В условиях тоталитаризма он приводит к худшему, к созданию фиктивных псевдоистин, нужных только в качестве оружия в борьбе, только в качестве средства для уничтожения самого интереса к объективной истине. В результате наука в СССР переходит к планомерному творчеству фикций. В сталинском замысле прикладные науки должны были бы служить, в конечном счете, производству оружия, а чистые науки — производству фикций.

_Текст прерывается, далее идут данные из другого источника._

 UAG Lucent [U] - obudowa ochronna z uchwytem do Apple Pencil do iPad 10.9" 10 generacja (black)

Фикции эти, какими бы нелепыми они ни казались со стороны, в действительности в высшей степени целесообразны, так как они служат определенной цели, а именно утверждению активной несвободы, как единственной возможной формы тотального властвования над миром. Они служат этой цели и непосредственно, и посредством обслуживания второстепенных, временных и всегда побочных целей, возникающих на пути сталинизма к мировому господству. Только поэтому существующие в настоящее время в Советском Союзе фикции преходящи. По миновании надобности они без церемонии выбрасываются и заменяются новыми. Ведь фикция — это ложь, в принудительном порядке выдаваемая за истину. По миновании надобности она объявляется лишь тем, чем она всегда и была, то есть ложью. Развенчание фикций, отслуживших свой срок, единственная форма, которой Сталин послужил истине. Но и это служение было вынуждено обстоятельствами.
В основе сталинского мышления лежит категория целесообразности. Но что такое целесообразность не вообще, а в ее конкретном проявлении? Каковы методы ее определения? Кто имеет право пользоваться этими методами? Кто имеет право определять, что ошибочно и что правильно?

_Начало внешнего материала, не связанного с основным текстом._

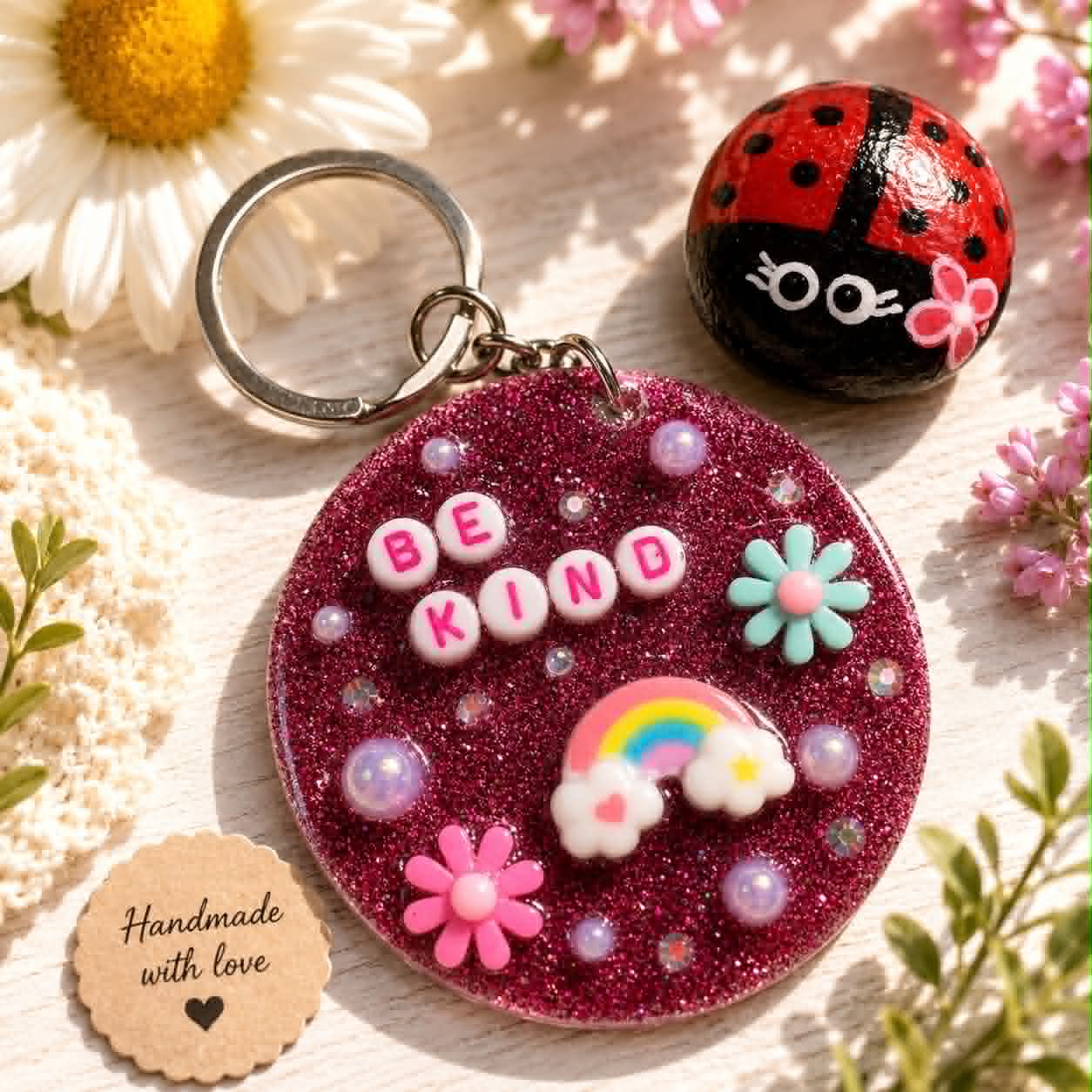 Handmade keychains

Общий ответ на эти вопросы всем хорошо известен: целесообразно то, что служит делу Ленина-Сталина. Конкретные же ответы на зти вопросы с абсолютной гарантией их правильности может дать Сталин, и только он один. На нем, следовательно, лежит вся полнота ответственности за его собственное дело, а от помощников, от больших до самых малых, лежит только ответственность исполнителей. От этих исполнителей в виде полезного качества требуется иногда и мышление. Но мышление это должно быть партийным, то есть чисто стратегическим, должно решать только практические, поставленные властью задачи и решать их только в духе партии, правительства и лично тов. Сталина.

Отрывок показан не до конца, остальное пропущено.